Half way thru my recent three-month journey of discovery, I wondered, what had I discovered? In mid August while in Gaza, I listed all that I’d not photographed: Canada Park in Israel which erased an Arab village; the route and story of water from the headwaters of the Jordan River to where it disappears between the Sea of Galilee and the Dead Sea; non violent resistance, in Bil’in where I’d been several times earlier and finally to Nil’in which I’d read so much about; Quakers, but how to photograph more than the Quaker Palestine Youth Program in Gaza when the Ramallah Friends School is on vacation; and most vitally—an urge I’ve felt for several years—Israel itself, Jaffa, Tel Aviv, the Mediterranean Coast, West Jerusalem, the Golan and Galilee, visiting friends, pretending to be an Israeli, feeling what they might feel, immersed in the possible cognitive dissonance of living on a land expropriated from native people.

Here I felt some resonance with my own experience in the United States—living on land stolen from American Indians, profiting from labor supplied largely by captured Africans. Yes, I had some first hand experience living a possible lie, captured by a self-serving narrative. But how to do this in Israel-Palestine?

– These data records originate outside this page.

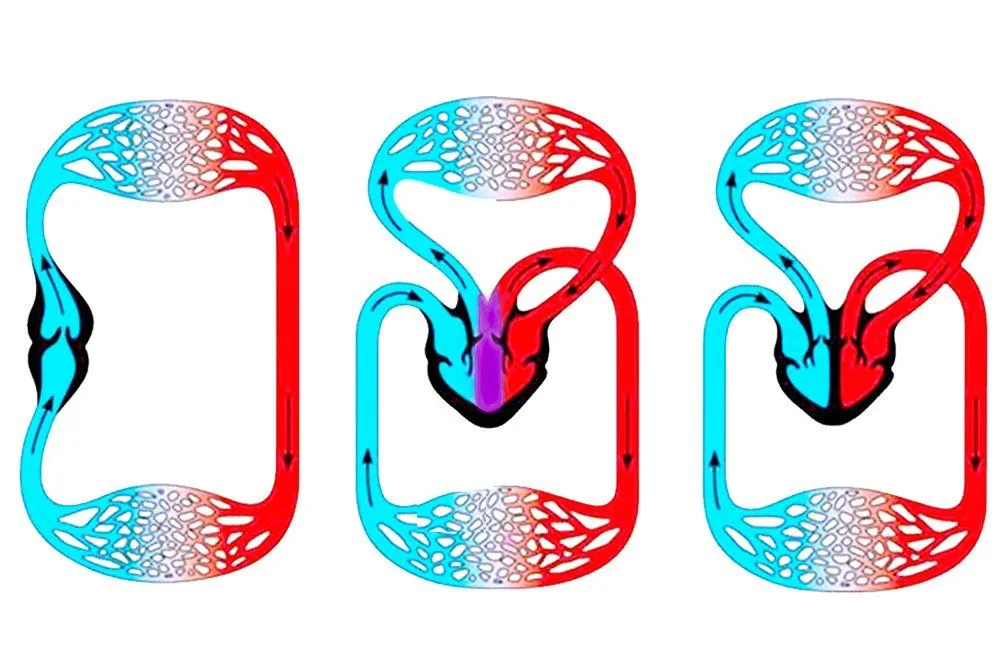 Two &Amp; Three Chambered Hearts: How Do They Work?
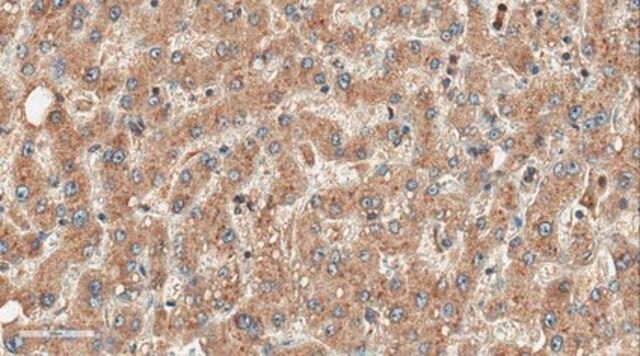 Anti-FMO3 Antibody serum, from rabbit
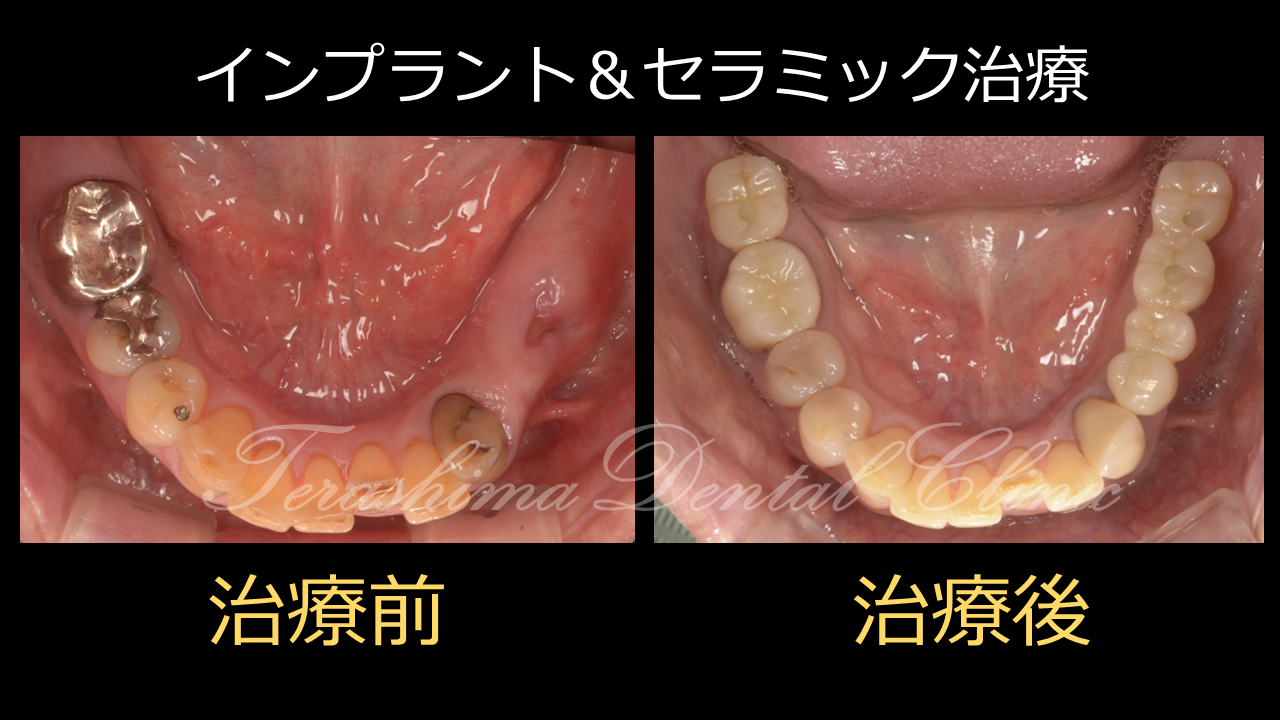シンプルなインプラントとセラミックの複合治療～60代男性～ | 箕面市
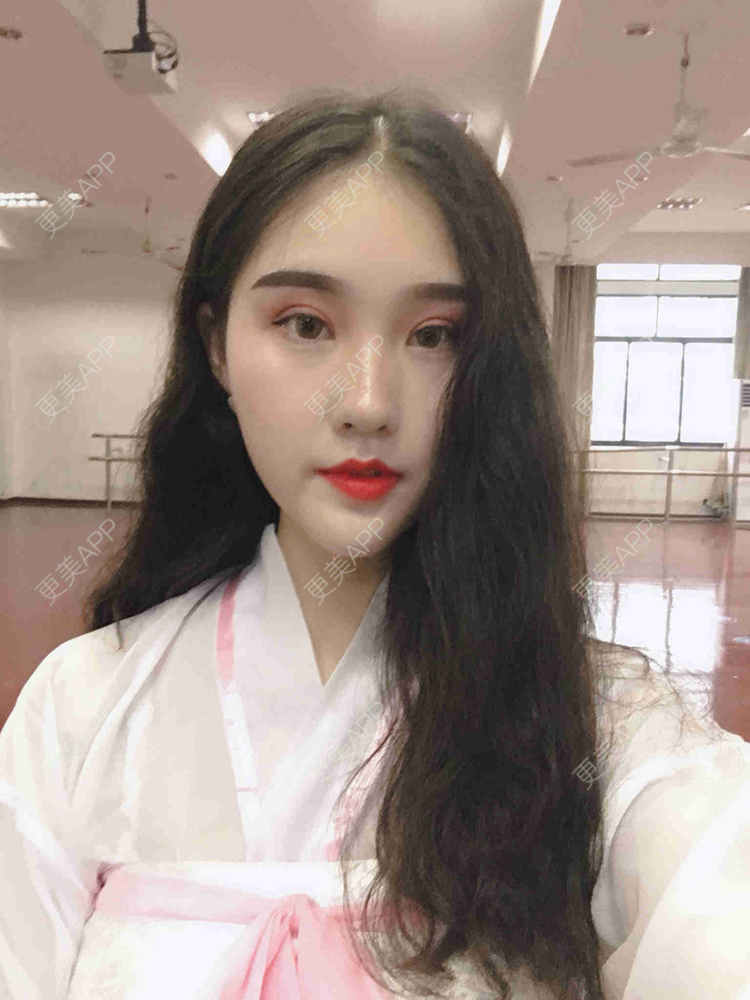 更美 - <ωèι倁の亽格○渡的全切双眼皮经验 | 视频日记 | 全切双眼皮 | 武汉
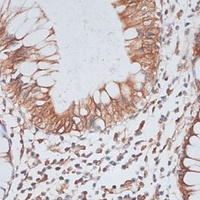 Anti-KIFC1 Antibody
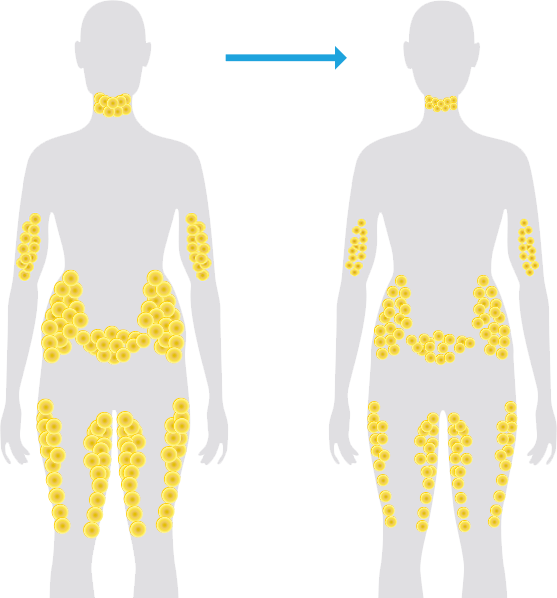 1060 Laser Body Slimming.png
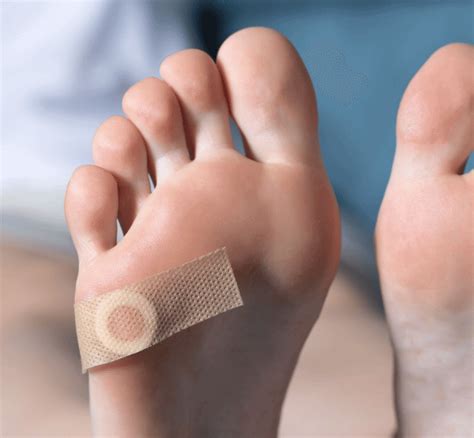 Callus & Corn Removal Knaresborough - Stray Podiatry & Chiropody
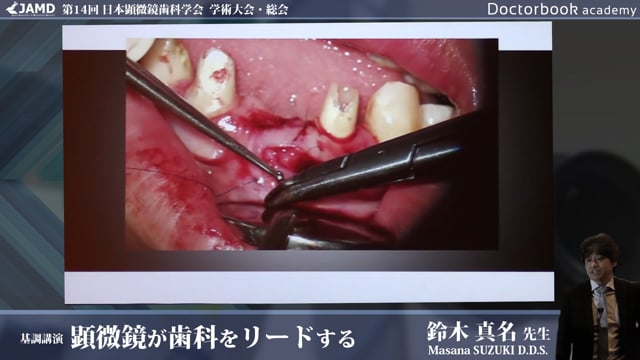 第14回 日本顕微鏡歯科学会 学術大会 基調講演 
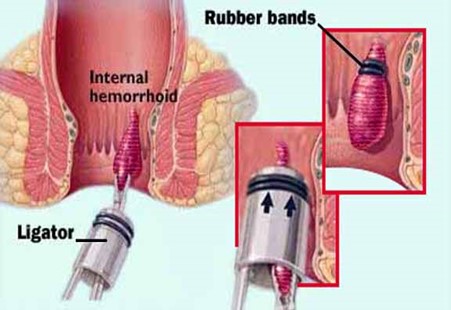 Piles treatment - Rubber band ligation
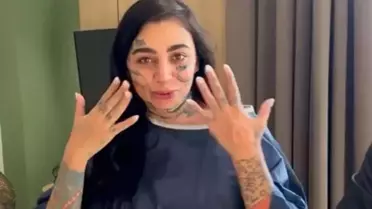İddia vahim: Mozambikli sosyal medya fenomeni Türkiye'de estetik ameliyatı sonrası öldü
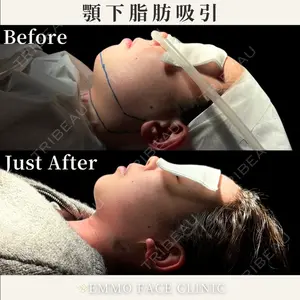 EMMO FACE CLINIC 東京三田院 木之下 哲彦医師の症例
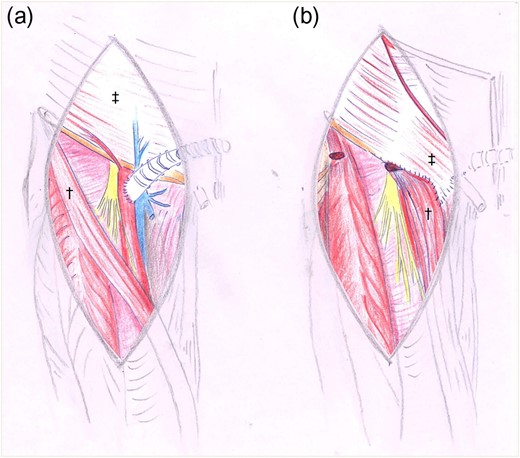Drawings before (a) and after (b) reconstruction with sartorius†- and oblique external‡ flap.
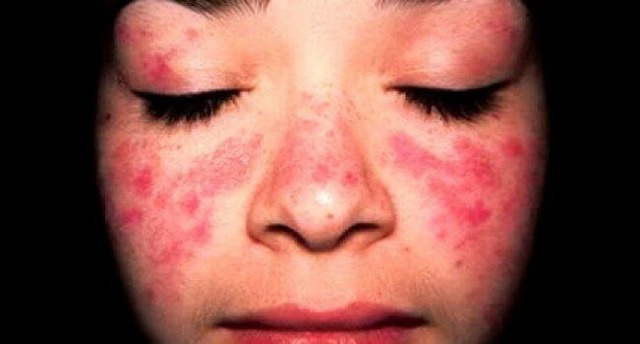 Системная красная волчанка при беременности. Системная красная волчанка и беременность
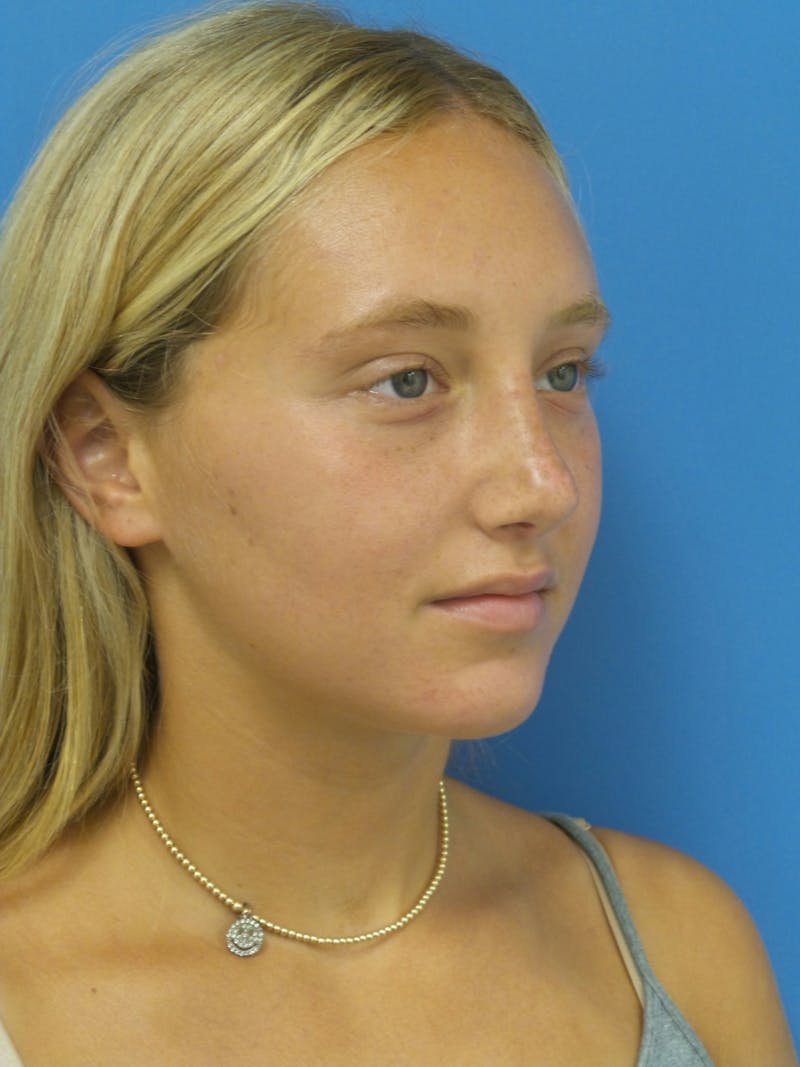 Rhinoplasty Before & After Gallery - Patient 178538 - Image 4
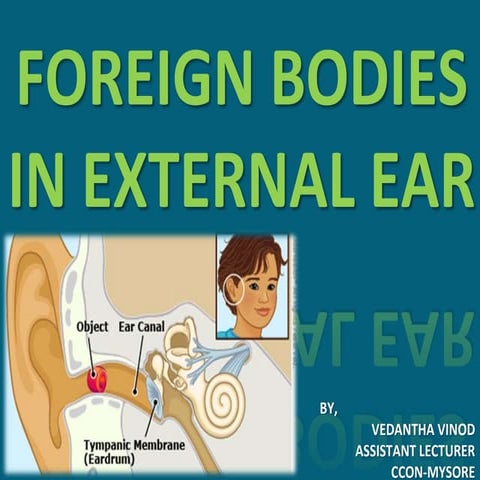 Management of foreignbody in ear
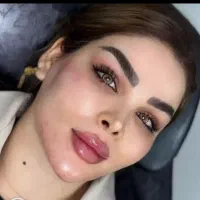 تزریق فیلر (ژل) مزو، بوتاکس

After this dismal accounting, all that I’d hope to photograph and hadn’t yet even visited, I made another list (remembering how Rachel Corrie loved making lists), this time of what I’d at least partially achieved: 2 weeks in Bethlehem exploring its Aida refugee camp while coaching a young novice photography teacher at Al Rowwad Cultural Center in the camp; 2 weeks in Jenin, investigating its refugee camp and the wondrous Freedom Theater, while teaching photography to high school age youth at the Jenin Creative Cultural Center; several stories about hydropolitics, including a spectacular trip to one of Ramallah’s own water sources, Ein Samia village about 20 km north of Ramallah; the Popular Education  Festival in Ramallah of the Quaker Palestine Youth Program; construction by hand of a series of stone walls at the Ramallah Friends School (not as exciting as photographing the children but stones were present, children were not); the new light rail system in greater Jerusalem snapping up Palestinian land in East Jerusalem; Gaza, from finally getting a permit, living there for one month while photographing the aftermath of the vicious and possibly criminal Israeli assault to teaching photography thru the American Friends Service Committee and Al Aqsa University; exploring the coastal region from Gaza north to near Haifa, with a stop in Sderot (the Israeli town suffering extensive trauma from rockets fired by Gazan militants); two weeks in the Golan Heights and the Galilee, a long held dream to trace water; and Jerusalem’s Old City and environs, culminating in my final day’s journey when I strolled thru the Old City making hip pocket photos with my new 85 mm lens. Adding to this unexpected achievement, I discovered the family I’d read about in the Sheik Jarrah neighborhood of East Jerusalem who had been brutally evicted from their home.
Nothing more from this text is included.